What needs to be done:
Span requested from the data below: the line with "9481 Lake Forest CIR, Brenham, TX 77833" through the line with "1-storey Terraced House", both included. Give only these lines again, exactly, and leave every picture out.

Task inputs:
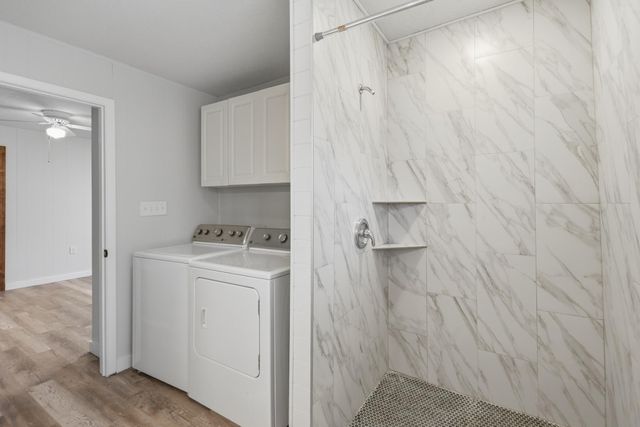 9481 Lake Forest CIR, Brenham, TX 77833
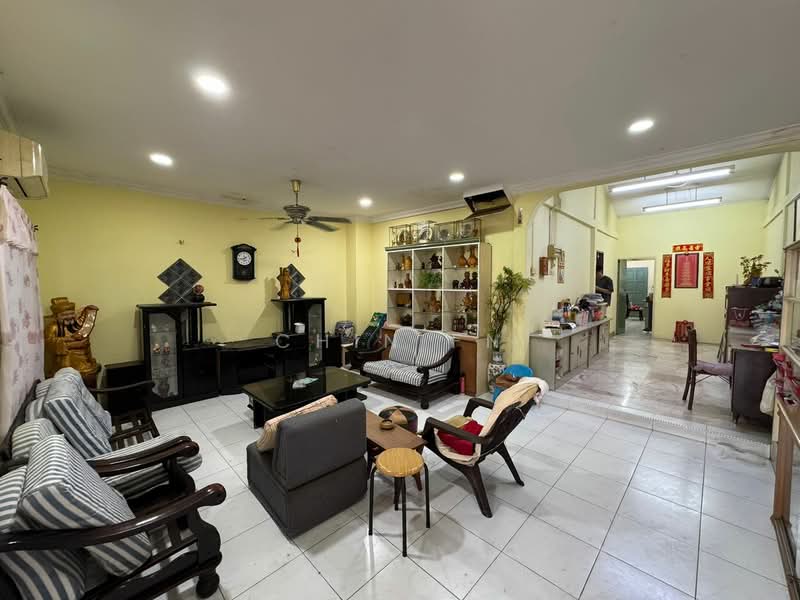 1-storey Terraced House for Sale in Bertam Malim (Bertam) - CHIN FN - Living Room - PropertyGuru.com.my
==
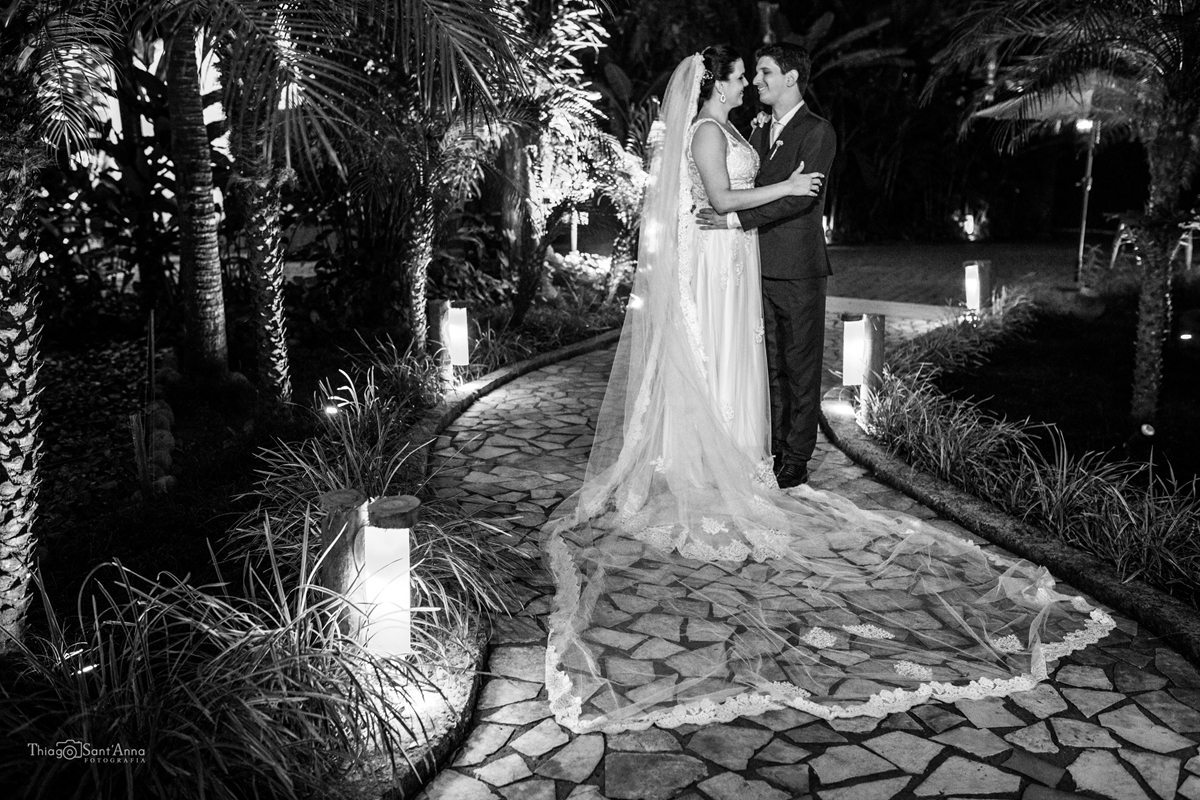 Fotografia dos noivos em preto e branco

The answer:
 9481 Lake Forest CIR, Brenham, TX 77833
 1-storey Terraced House for Sale in Bertam Malim (Bertam) - CHIN FN - Living Room - PropertyGuru.com.my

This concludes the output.